#### Data provided

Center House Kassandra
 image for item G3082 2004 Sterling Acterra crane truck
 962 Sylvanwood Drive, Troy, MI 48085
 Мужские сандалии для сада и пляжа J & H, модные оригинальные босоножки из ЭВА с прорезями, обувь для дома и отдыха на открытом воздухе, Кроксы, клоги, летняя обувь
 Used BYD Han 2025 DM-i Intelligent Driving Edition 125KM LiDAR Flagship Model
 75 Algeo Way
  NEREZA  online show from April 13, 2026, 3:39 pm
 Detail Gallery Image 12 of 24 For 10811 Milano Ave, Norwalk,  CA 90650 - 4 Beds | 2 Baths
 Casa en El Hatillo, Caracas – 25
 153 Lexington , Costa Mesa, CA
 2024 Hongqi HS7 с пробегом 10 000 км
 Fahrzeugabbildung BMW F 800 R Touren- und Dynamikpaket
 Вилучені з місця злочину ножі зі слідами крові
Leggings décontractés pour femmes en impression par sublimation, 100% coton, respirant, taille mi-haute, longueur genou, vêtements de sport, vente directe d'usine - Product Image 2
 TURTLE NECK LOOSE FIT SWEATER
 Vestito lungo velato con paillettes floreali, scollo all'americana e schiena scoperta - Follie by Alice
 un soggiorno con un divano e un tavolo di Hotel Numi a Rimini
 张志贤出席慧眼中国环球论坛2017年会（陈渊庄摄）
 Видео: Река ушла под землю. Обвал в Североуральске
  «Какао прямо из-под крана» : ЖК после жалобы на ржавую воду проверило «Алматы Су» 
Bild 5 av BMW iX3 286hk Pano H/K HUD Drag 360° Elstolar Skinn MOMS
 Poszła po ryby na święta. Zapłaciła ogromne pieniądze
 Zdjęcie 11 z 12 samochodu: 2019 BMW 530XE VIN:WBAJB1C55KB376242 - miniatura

########

▶ [What the task requires]: From the line containing "Detail Gallery Image" down to the last line of the listing above, give every line again exactly, and add nothing.

▶ [Answer to the problem]:
 Detail Gallery Image 12 of 24 For 10811 Milano Ave, Norwalk,  CA 90650 - 4 Beds | 2 Baths
 Casa en El Hatillo, Caracas – 25
 153 Lexington , Costa Mesa, CA
 2024 Hongqi HS7 с пробегом 10 000 км
 Fahrzeugabbildung BMW F 800 R Touren- und Dynamikpaket
 Вилучені з місця злочину ножі зі слідами крові
Leggings décontractés pour femmes en impression par sublimation, 100% coton, respirant, taille mi-haute, longueur genou, vêtements de sport, vente directe d'usine - Product Image 2
 TURTLE NECK LOOSE FIT SWEATER
 Vestito lungo velato con paillettes floreali, scollo all'americana e schiena scoperta - Follie by Alice
 un soggiorno con un divano e un tavolo di Hotel Numi a Rimini
 张志贤出席慧眼中国环球论坛2017年会（陈渊庄摄）
 Видео: Река ушла под землю. Обвал в Североуральске
  «Какао прямо из-под крана» : ЖК после жалобы на ржавую воду проверило «Алматы Су» 
Bild 5 av BMW iX3 286hk Pano H/K HUD Drag 360° Elstolar Skinn MOMS
 Poszła po ryby na święta. Zapłaciła ogromne pieniądze
 Zdjęcie 11 z 12 samochodu: 2019 BMW 530XE VIN:WBAJB1C55KB376242 - miniatura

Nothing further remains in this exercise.